If they were easier to get hold of, I would give away copies of George MacDonald’s The Golden Key to everyone I spoke to. Unfortunately, the most accessible copies are abridged, and I have yet to find an in-print volume containing that single story. If you can get your hands on it, do. There is a link to the entire text on my sidebar, but I am loathe to recommend reading such a jewel on a glowing LCD. It needs a fireplace, hot chocolate, thick quilts. And most of all, it needs to be read aloud.
2) Name a piece of music that changed the way you listen to music.
My musical tastes aren’t very high-brow. In fact, I don’t really listen to all that much music. I never have. I was sheltered from everything except Beach Boys and Mannheim Steamroller Christmas growing up, and had very limiting obsession with CCM in early adolescence. My junior year, a friend lent me an Indigo Girls album. The Wood Song struck an angst ridden adolescent chord, and that lilting violin riff forever changed my understanding of what music was about, why people listen to it, make it, and how it can change them. It also gently nudged me into the understanding that secular music isn't actually evil.
3) Name a film you can watch again and again without fatigue.
I am a sucker for coming-of-age stories. Especially those of kids from the Western world learning about the rest of it far from their homeland. It doesn't take much to analyze that one. For a long time, “Empire of the Sun” was the only movie I would watch repeatedly. Since “Nowhere in
4) Name a performer for whom you suspend all disbelief.
Daniel Day-Lewis. Christian Bale.
5) Name a work of art you’d like to live with.

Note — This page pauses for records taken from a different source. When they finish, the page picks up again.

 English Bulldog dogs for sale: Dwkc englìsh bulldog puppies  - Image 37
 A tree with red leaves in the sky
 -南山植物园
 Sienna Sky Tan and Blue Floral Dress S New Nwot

There is a piece I saw in college, at the Art Institute of Chicago, that I wish I had now. It was an installation of waves, photographs of waves, all monotone with the ripples reflecting the faces of the viewers, almost moving in the glass. I miss the ocean.

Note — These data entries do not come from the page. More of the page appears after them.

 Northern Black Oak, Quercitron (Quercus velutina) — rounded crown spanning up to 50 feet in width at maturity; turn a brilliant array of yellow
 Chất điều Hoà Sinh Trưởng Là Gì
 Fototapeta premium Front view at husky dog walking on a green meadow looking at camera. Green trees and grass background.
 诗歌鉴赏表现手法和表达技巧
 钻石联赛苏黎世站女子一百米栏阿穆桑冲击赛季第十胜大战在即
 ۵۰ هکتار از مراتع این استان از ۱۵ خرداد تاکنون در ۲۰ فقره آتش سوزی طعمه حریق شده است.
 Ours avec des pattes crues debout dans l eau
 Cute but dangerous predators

6) Name a work of fiction which has penetrated your real life.
I read Kingsolver's The Poisonwood Bible while on an airplane flying out to work for six months with street children back home in Jakarta, occasionally (and horrifyingly) alongside missionaries nearly as insane and insidious as those in the book. It threw those I had to deal with in sharp relief, while giving me a story to work from in my own explorations of, and eventual dive into, the world the street kids inhabited. A world so physically close to yet so very far from my own TCK upbringing, I needed that nudge to get in with both feet.
7) Name a punchline that always makes you laugh.
“So you’re saying I’m fat?!?”
Well, it’s not exactly a punch line. But enough of a long-running college joke that we’re still using it, and laughing, years later.
I’m just going to tag the two regular readers I have, who I know have blogs themselves. Mama Hen over at At A Hen’s Pace, and Dan. Oh, Dan. I am so not saying you're fat!
1 comment:
oh, this'll be fun!
It will require some thought though. Give me some time.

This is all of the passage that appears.